Take the line with "50 beads) 4mm" and every line after it, through the end of the listing, and give them again exactly, pictures excluded.

• _Data supplied_:
--------------------
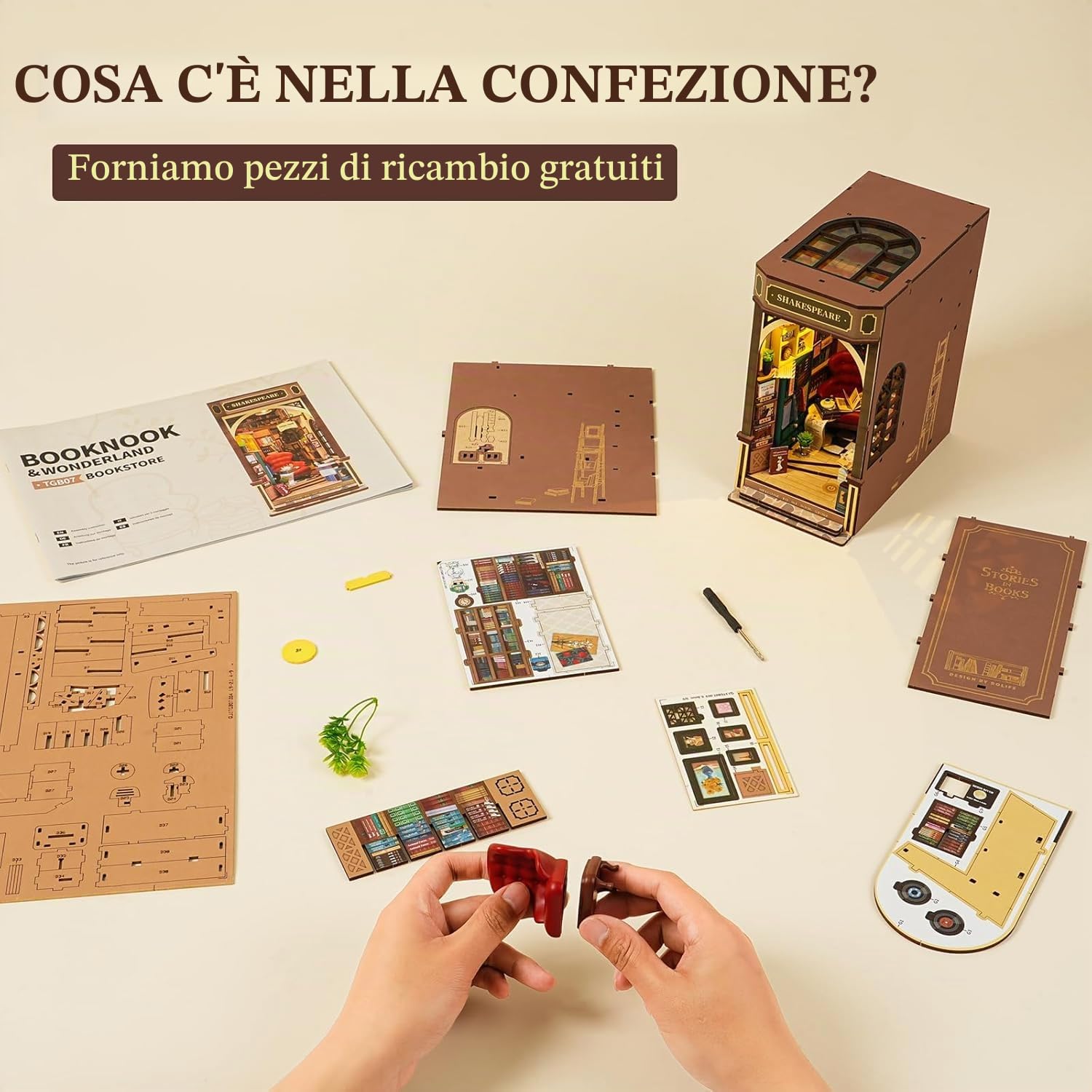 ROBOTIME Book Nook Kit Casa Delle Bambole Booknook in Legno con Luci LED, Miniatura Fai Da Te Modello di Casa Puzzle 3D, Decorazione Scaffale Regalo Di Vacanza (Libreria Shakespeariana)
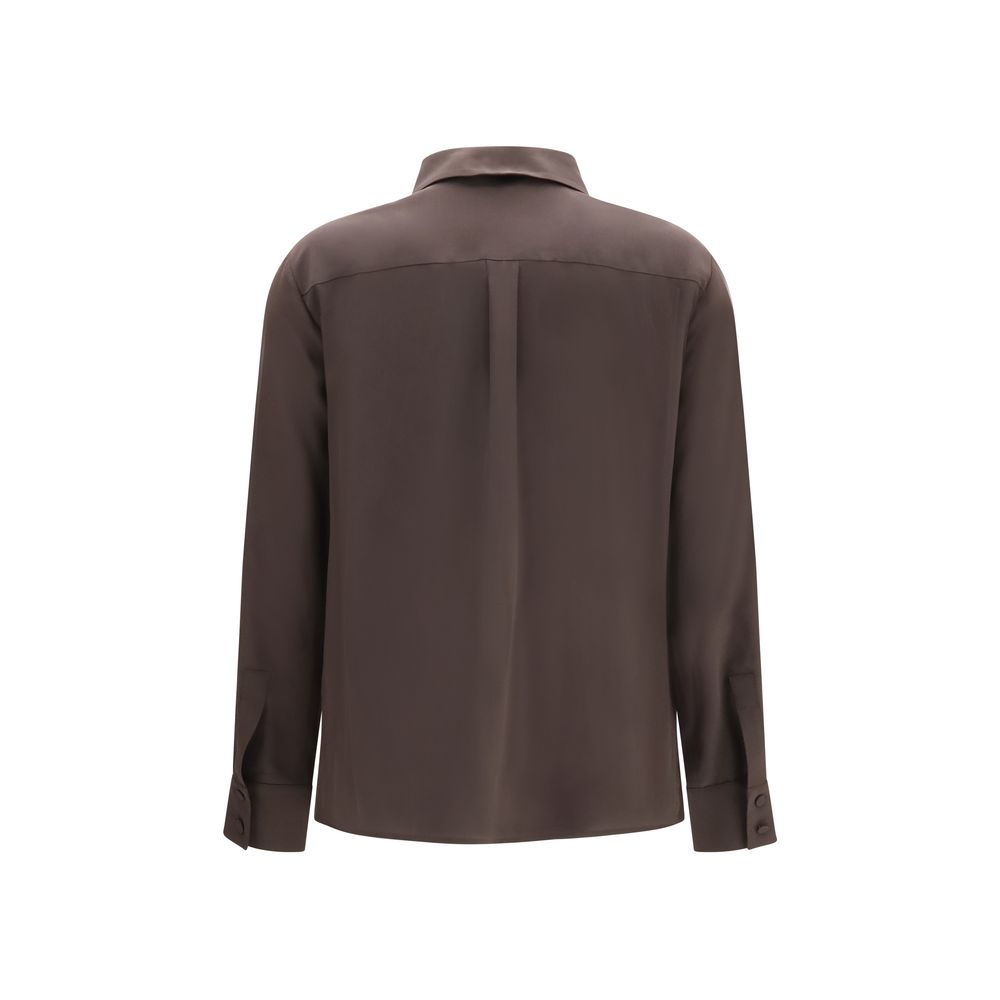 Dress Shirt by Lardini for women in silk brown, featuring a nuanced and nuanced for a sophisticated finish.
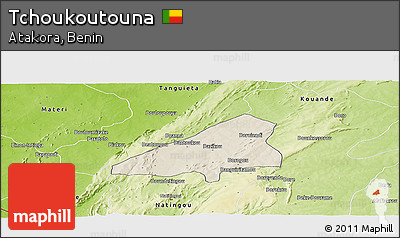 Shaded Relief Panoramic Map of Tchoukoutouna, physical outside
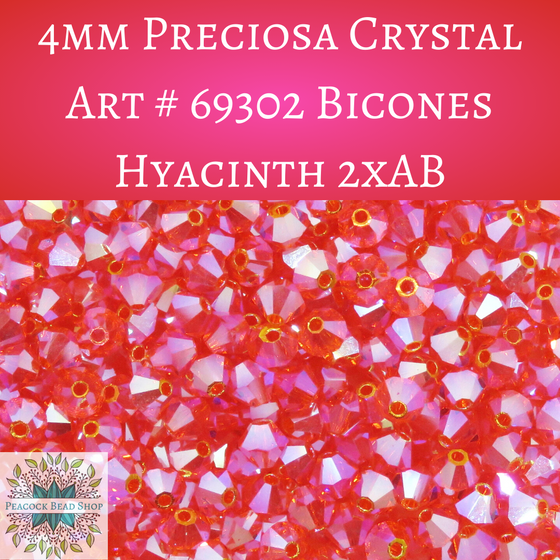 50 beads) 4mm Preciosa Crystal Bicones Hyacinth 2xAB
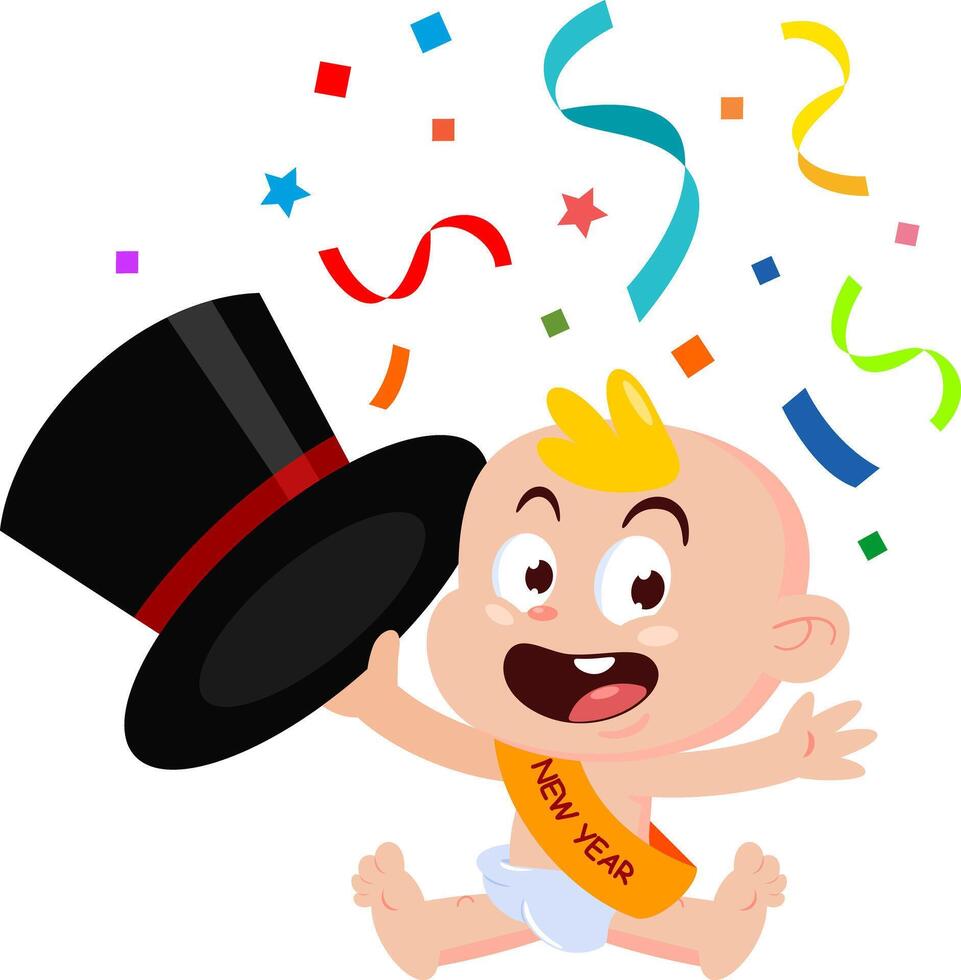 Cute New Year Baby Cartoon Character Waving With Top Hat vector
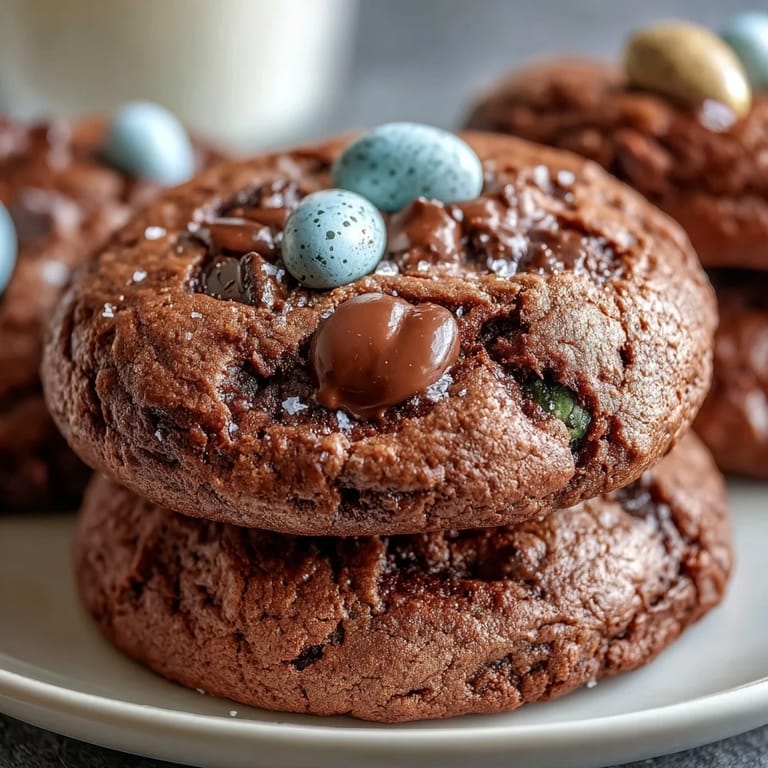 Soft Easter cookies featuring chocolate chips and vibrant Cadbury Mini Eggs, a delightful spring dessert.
--------------------
• _Result of this exercise_:
 50 beads) 4mm Preciosa Crystal Bicones Hyacinth 2xAB
 Cute New Year Baby Cartoon Character Waving With Top Hat vector
 Soft Easter cookies featuring chocolate chips and vibrant Cadbury Mini Eggs, a delightful spring dessert.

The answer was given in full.